As the marijuana industry continues to expand, a new economic analysis finds that the capital that cannabis businesses are expected to need will translate into upwards of $2.4 billion in revenue for banks from loan interest payments over the next 10 years.
The report from CTrust, Whitney Economics and Green Check Verified projects that the state-level marijuana market will require between $65.6 billion and $130.7 billion in growth capital for new businesses and to refinance existing cannabis companies through 2035, which would generate anywhere from $1 billion to $2.4 billion in interest revenue for financial institutions that service them.
While it's difficult to anticipate just how much larger the cannabis industry will become over the next decade—with multiple states such as Florida set to decide on legalization during next month's election alone—the analysis projects marijuana sales will balloon from $28.8 billion in 2023 to $87 billion by 2035. And to meet that demand, the report said the number of licensed operators would need to nearly double to 40,000.
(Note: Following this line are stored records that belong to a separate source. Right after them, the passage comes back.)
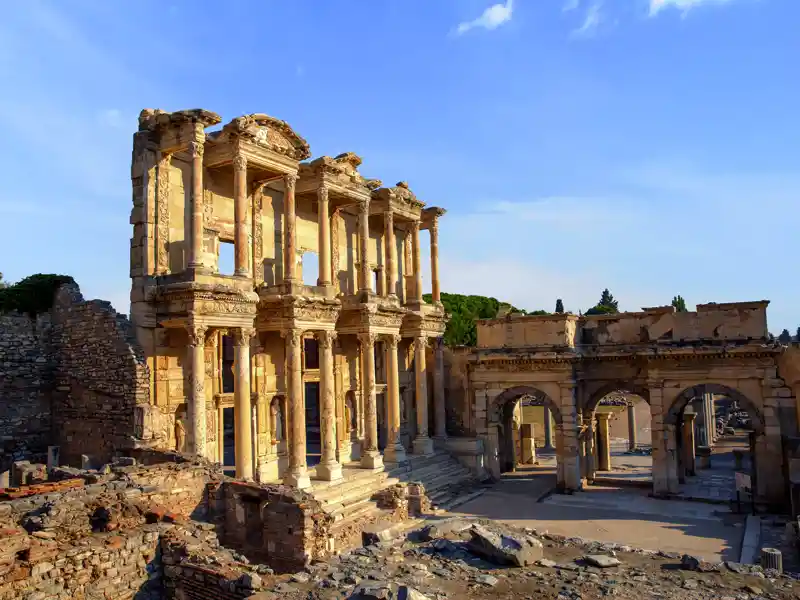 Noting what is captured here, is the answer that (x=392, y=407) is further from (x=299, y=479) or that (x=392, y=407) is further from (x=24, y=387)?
(x=24, y=387)

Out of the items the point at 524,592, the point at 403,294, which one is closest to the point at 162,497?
the point at 524,592

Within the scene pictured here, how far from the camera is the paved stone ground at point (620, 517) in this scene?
17438 millimetres

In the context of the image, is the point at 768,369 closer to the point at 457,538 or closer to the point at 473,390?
the point at 473,390

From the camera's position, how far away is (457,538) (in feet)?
38.1

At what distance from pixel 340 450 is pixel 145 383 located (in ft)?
30.9

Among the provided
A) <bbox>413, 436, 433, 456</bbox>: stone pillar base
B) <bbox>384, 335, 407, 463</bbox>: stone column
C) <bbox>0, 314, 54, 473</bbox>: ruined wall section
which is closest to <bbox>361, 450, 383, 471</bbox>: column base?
<bbox>384, 335, 407, 463</bbox>: stone column

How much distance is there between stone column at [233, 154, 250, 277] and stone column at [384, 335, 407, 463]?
828cm

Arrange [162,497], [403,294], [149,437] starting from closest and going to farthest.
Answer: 1. [162,497]
2. [149,437]
3. [403,294]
"The funding needed to realize this growth cannot be supported solely by friends and families," Beau Whitney, founder and chief economist of Whitney Economics, said in a press release. "By demonstrating regional opportunities and broader market potential, the report aims to empower financial institution lending departments to help educate their boards on risks, rewards and opportunities—all in the hopes of accelerating the industry's growth by encouraging more financial institutions to participate."